St. Louis, Iron Mountain & Southern Railway Co. v. Williams

Hart, J.

On the 7th day of August, 1910, Ewan Williams, a boy nineteen years of age, bought a railroad ticket from Postelle, Arkansas, to Palmer station, a distance of two and a half miles. He boarded one of appellant’s trains at Postelle at about 9:50 o’clock A. M. He says that he had been up nearly all the night before, and was feverish when he boarded the train; that he had a sore hand and a sore leg, and immediately went to sleep; that he was asleep when the train reached Palmer station, and he did not hear the conductor call out the station, but some time later the conductor came around and waked him up; that he handed the conductor his ticket, and that the conductor pulled the bell cord, telling him that he had passed Palmer station, and would have to get off; that the train was then just pulling out of Pine City junction; that he got off the train right close to the end of the “Y” about two or three hundred yards north of Pine City junction; that Pine City is on a railroad that runs from Clarendon to Helena, and from Brinkley to Helena, and is about three miles from Palmer station; that he could have got a train back to Palmer station at seven o’clock that evening, but, instead of doing so, he walked back; that he had to stop and rest every now and then, and that it caused him pain to walk; that walking back caused the wound on his leg to inflame and get a whole lot worse; that he suffered a great deal on his way back, and became so sick that he had to go to bed.

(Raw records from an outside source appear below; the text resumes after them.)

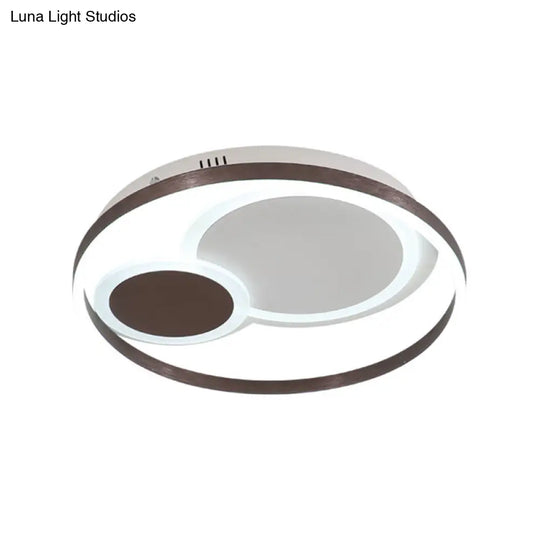 16/19.5 Dia Metal Orbit Ceiling Flush Light With Stepless Dimming - Modern Coffee Led Flushmount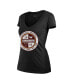 ფოტო #3 პროდუქტის Women's Threads Heathered Black Washington Commanders Bling Tri-Blend V-Neck T-shirt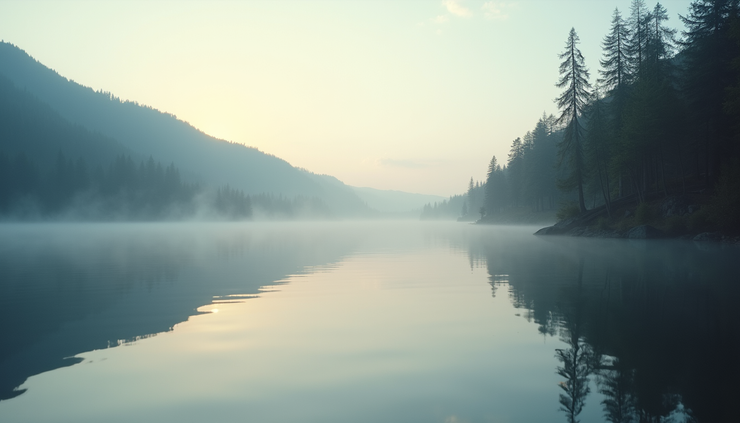 Eye-level view of a calm lake reflecting a clear sky at dawn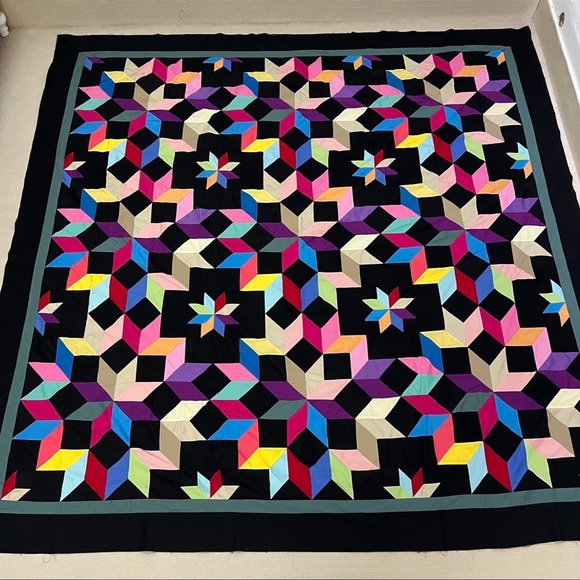 Black Cosmic Jewels Cotton Fabric queen size Patchwork quilt top/topper - Picture 1 of 4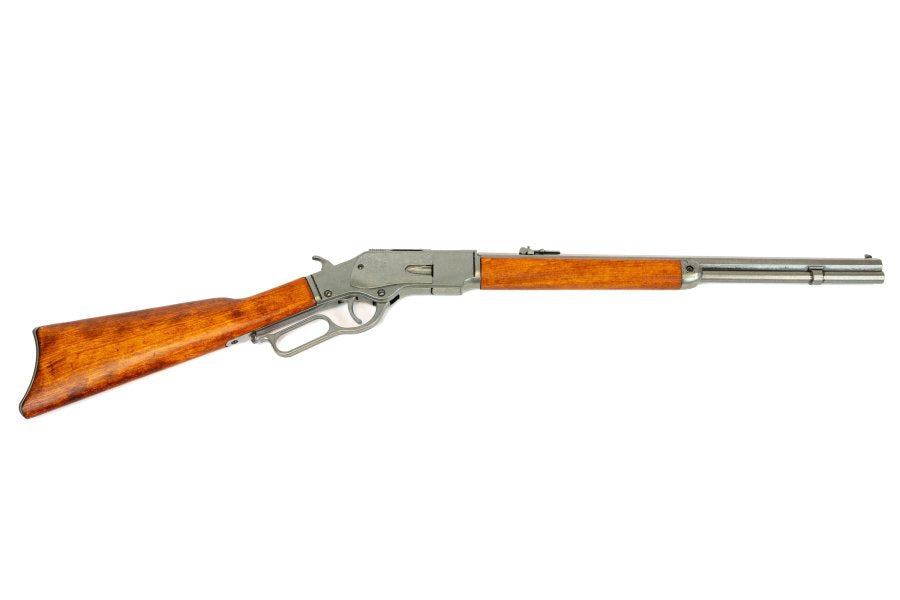 Denix 1873 lever action carbine replica with grey steel finish and wood stock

Plaintiff brought this suit against the appellant railroad company to recover damages. The jury returned a verdict for him in the sum of two hundred dollars. The railroad company has duly prosecuted an appeal.

Counsel for the appellant insist that the court erred in an instruction given in regard to the duty of the conductor to awaken a sleeping passenger when he reaches his destination. The views we shall hereinafter express render it unnecessary to consider this instruction.

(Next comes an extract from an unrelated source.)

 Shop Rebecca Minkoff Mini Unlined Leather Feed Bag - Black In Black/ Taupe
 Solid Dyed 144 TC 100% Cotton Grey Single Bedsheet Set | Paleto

Counsel for the appellee in their brief claim that the action is based on the wrongful ejection of appellee at a point other than a usual stopping place on appellant’s line of railroad, and we shall so consider the case. Section 6591 of Kirby’s Digest is as follows: “If any passenger shall refuse to pay his fare or toll, it shall be lawful for the conductor of the train and the servants of the corporation to put him out of the cars at any usual stopping place the conductor shall select. ”

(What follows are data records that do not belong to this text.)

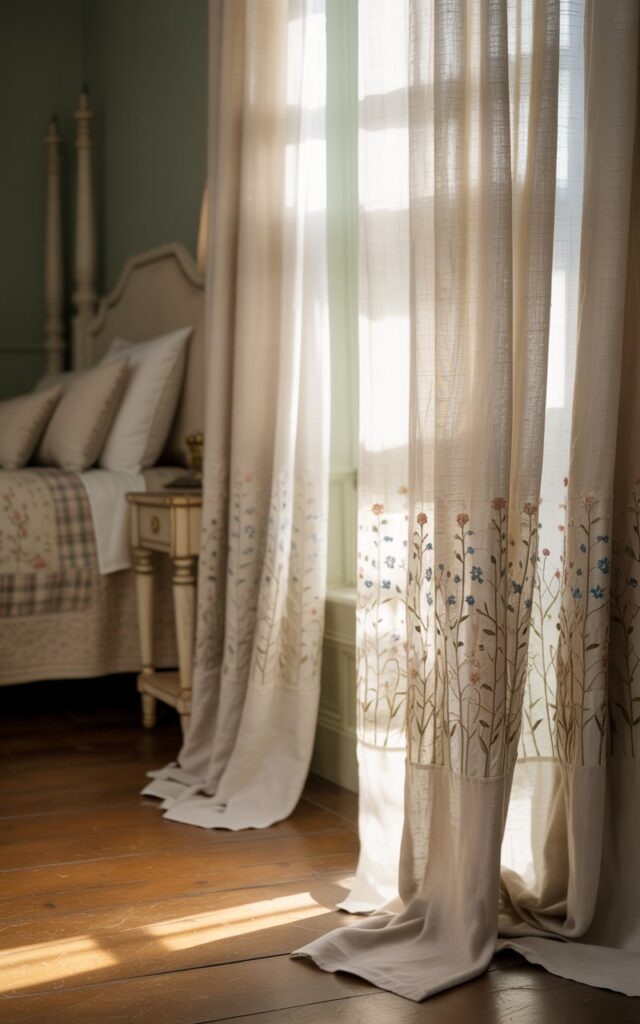 A photograph capturing a close-up view of flowing linen curtains in a traditional English countryside bedroom. The curtains, a layered combination of ivory sheer fabric and a subtly patterned floral design, gently diffuse soft morning sunlight. Delicate embroidered details of forget-me-nots and tiny roses adorn the fabric, while light streams through creating patterns on a polished oak floor visible beneath. In the softly blurred background, a glimpse of a four-poster bed with a patchwork quilt and antique side table complete the cozy, tranquil scene.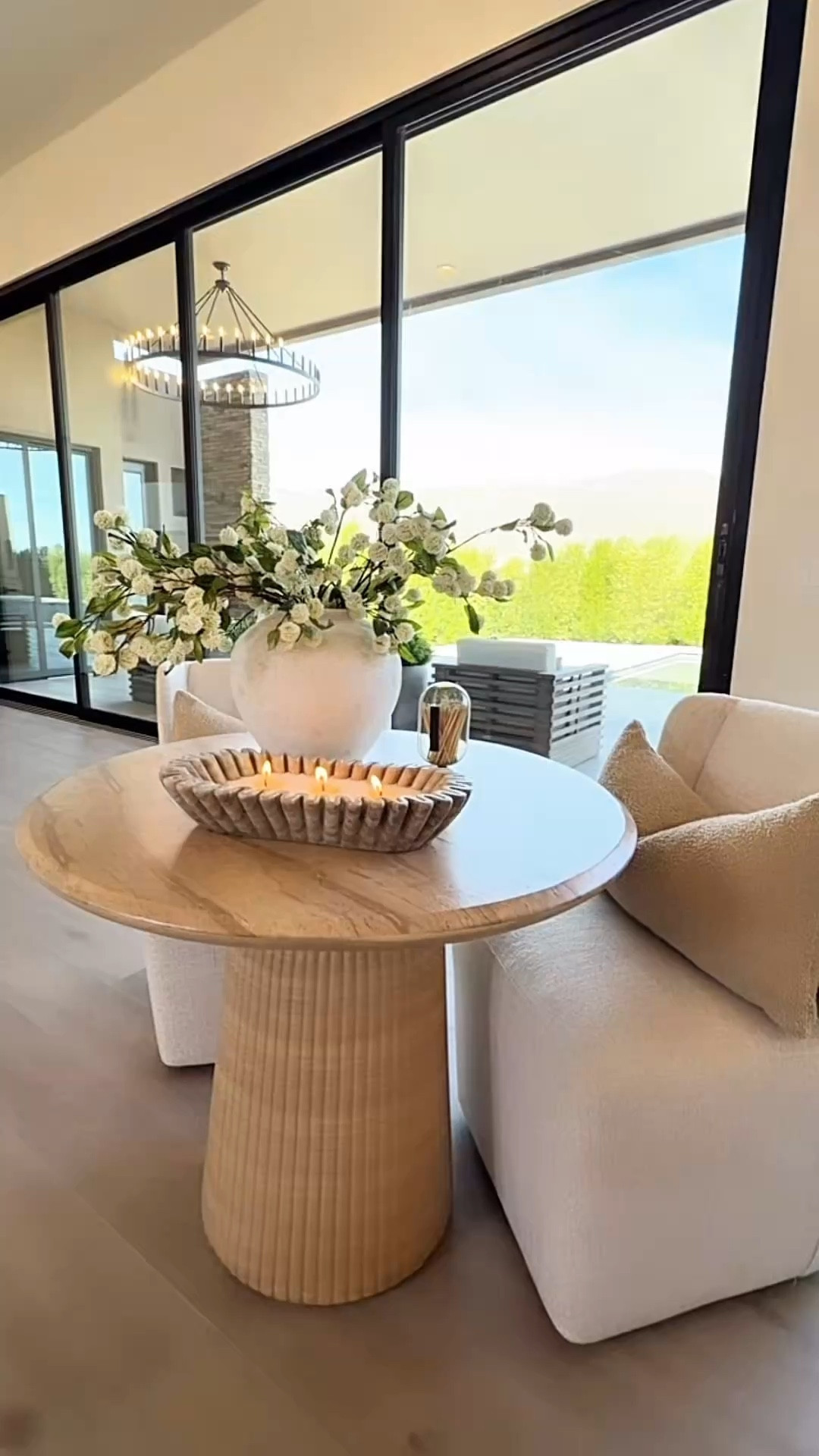 Pedestal table styling. I love this pedestal table, it’s perfect for an entryway, coffee area, or in a bedroom. 

Add a few spring florals, a candle, and some matches for a simple but elevated look. The designer inspired chairs and pillow really pull it all together. 

It doesn’t have to be complicated. Just cozy, intentional, and beautiful ✨

pedestal dining table decor
spring table styling
neutral home decor
linen dining chairs
coffee table candle styling
Summerthompsonstyles

#LTKHome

Waiving the question of whether the putting off the train of the appellee in the yards of the appellant at a point two or three hundred yards from the station was the ejection of him at a point other than a usual stopping place, we shall consider the question of his measure of damages under the facts of the present case. The appellee did not prove any pecuniary loss to himself, and whatever personal injury he suffered was the result of his walk back to Palmer station. His action, as contended by his own counsel, is not based upon the fact that he was carried beyond his destination, but is predicated upon the alleged fact that he was put off the train at a point other than a usual stopping place. The proximate cause of his injury was being put off at a point other than a usual stopping place, and did not result from his action in walking back to Palmer station. This act on his part was not rendered necessary by his being put off the train. Hence we hold that the pain he suffered, and the injury he received as a consequence of his walk back to Palmer station was not competent evidence, and was prejudicial to the rights of the appellant.

If will be noted that counsel for appellee in their brief have abandoned any contention that appellee has a right to recover because he was carried beyond his destination, but claim that appellee is entitled to recover because he was put off the train at a point other than a usual stopping place. This is to concede that the railroad had a right to put him off at Pine City junction. But his counsel now contends that appellant put him off the train 200 or 300 yards beyond Pine City junction. They do not contend that any violence whatever was used in expelling him. His measure of damages, then, would be the actual injury to his person and the pecuniary loss proved to have been suffered by him in walking back to Pine City junction. He did not prove any appreciable amount of damages in either of these respects. St. Louis, I. M. & S. Ry. Co. v. Branch, 45 Ark. 524.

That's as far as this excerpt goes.